The power provided is technology agnostic and contains a mix of solar PV, wind, liquified natural gas and battery storage. The decision unlocks a total investment of about R45 billion, which will be injected into the economy through the private sector with a 50 percent local content requirement during the construction period. Some 3 800 job opportunities will be created during the 18 month construction period and a further 13 500 during the 20 year power purchase agreement term.

Our transition into a green economy provides government with the ability to facilitate a just energy transition that will address inequality, while advancing infrastructure investment to spur economic growth and reduce a ballooning unemployment crisis.

Outside of the urgent measures to bolster energy supply, Mantashe pronounced the next steps in the much-delayed Renewable Energy Independent Power Producer Programme (REIPPP), a key step in the longer-term transitioning from a fossil fuel-intensive economy. He opened a new bid window of the REIPP, the programme’s fifth, and plans a sixth round in August.

Raising the licensing threshold of embedded generation has always been a bone of contention, with business, and in particular miners, lobbying for a lifting of this requirement from the threshold of 1MW. While Mantashe raised the threshold to 10MW, we feel it isn’t nearly enough.

The ceiling does little in our view to crowd in much extra corporate investment in self-generated and distributed generation. Research has shown that raising the threshold to allow people to bypass approval processes by the National Energy Regulator of SA (Nersa) to 50MW would crowd in an additional 5GW of new power within five years. It seems a missed opportunity. We hope the threshold can be raised further, with Eskom also in favour of the 50MW threshold.

Overall, the measures announced last week, while welcomed, still leave us with a gap between supply and demand of between 4-5GW of power to 2022, according to Eskom. There’s still much to be done to escape our deficit position.

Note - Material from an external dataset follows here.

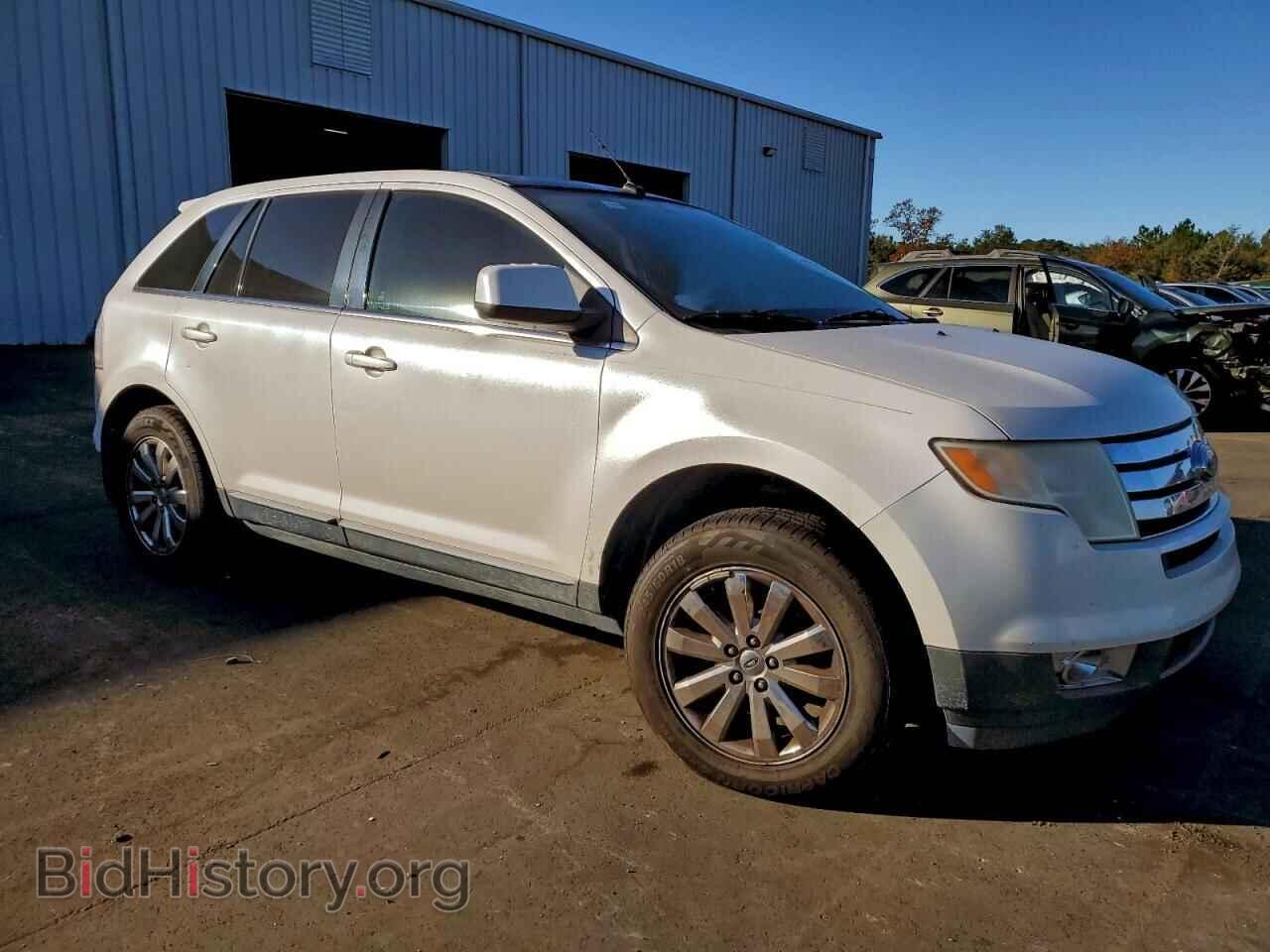 2010 FORD EDGE - VIN: 2FMDK3KC5ABB40402 - Photo 4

We do, however, acknowledge the momentum in South Africa’s transition to renewable energy. It is critical not only for the growth of the economy, but also in aligning the country to international standards. The intensifying international efforts in meeting net zero emissions targets by 2050, set out in the Paris Agreement – an international treaty signed by 194 countries – means that coal-centric power inputs become progressively more expensive for businesses.

What will be critical in the policy reforms that follow will be Operation Vulindlela – the unit within the Presidency that is driving key reforms – as through it, the state should look to reduce its institutional inefficiency, red tape and poor policy design that often plagues such reforms. The Integrated Resource Plan needs to be regularly updated, Nersa streamlined and scalable procurement needs to occur faster through increased liberalisation.

South Africa needs a more diverse energy market and we welcome the work that has been done to date by Operation Vulindlela in working with Eskom and municipalities to increase the distributed generation market to help businesses buy clean and cheap energy directly. This will prove critical for some foreign direct investors as well as direct corporate investments as they seek to shed carbon-intensive elements from their investments. Such a market-based approach will help solve our energy needs faster.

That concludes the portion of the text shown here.